Lihat ke Halaman Asli

Niki Rina

Niki Rina

Titik Terang di Balik Kegelalapan

Diperbarui: 30 Maret 2022   17:15

Kompasiana adalah platform blog. Konten ini menjadi tanggung jawab bloger dan tidak mewakili pandangan redaksi Kompas.

Cerpen. Sumber ilustrasi: Unsplash

Sebuah keluarga kecil yang sederhana, terdiri dari ayah, ibu, dan aku sebagai anak tunggal. Kami tinggal di tengah-tengah kota Bekasi. Kami bisa dibilang salah satu keluarga yang kurang mampu, karena sulitnya mencari sumber pendapatan. Ayahku, Satyo hanya bekerja sebagai penjual bakso keliling. Sedangkan ibuku, Lastri hanya sebagai ibu rumah tangga.

Kebutuhan semakin hari semakin meningkat, sedangkan pendapatan tidak ada peningkatan sedikit pun. Kebutuhan sekolahku pun semakin bertambah. Penderitaan keluarga kami tidak sampai di situ. Ternyata ibuku mengidap penyakit paru-paru basah, hal itu diketahui  setelah ibu diperiksakan ke rumah sakit. Sudah hampir dua minggu ibu mengeluh nyeri pada dada, napasnya sangat cepat, dan batuk. Namun, ibu selalu menolak untuk diperiksa ke rumah sakit, karena takut biayanya yang cukup mahal.

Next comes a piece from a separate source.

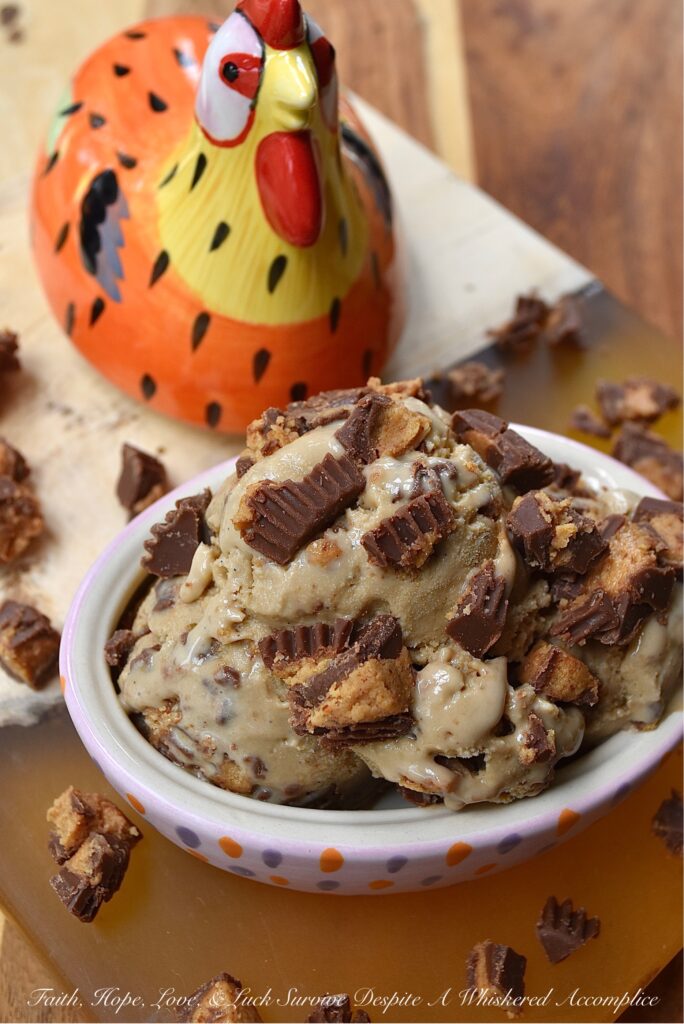Peanut Butter Cup Coffee Ice Cream - If you have a strong affection, or even perhaps an addiction, to coffee, ice cream, or peanut butter cups, this is definitely the dessert for you. This sweet peanut butter cup coffee ice cream owes its rich and creamy decadent texture to its frozen custard base and its over-the-top flavor to roughly chopped peanut butter cups, vanilla, and instant espresso.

Setelah berusaha kami bujuk, ibu pun mau diperiksakan ke rumah sakit lantaran kondisinya semakin memburuk. Setelah selesai pemeriksaan, dokter menyampaikan hasil pemeriksaannya tersebut. Dokter menyampaikan bahwa ibu sudah cukup lama mengidap penyakit paru-paru basah. Kami sangat terkejut dan terpuruk mendengar kabar itu. Ibu hanya bisa menangis dan merasa sangat sedih.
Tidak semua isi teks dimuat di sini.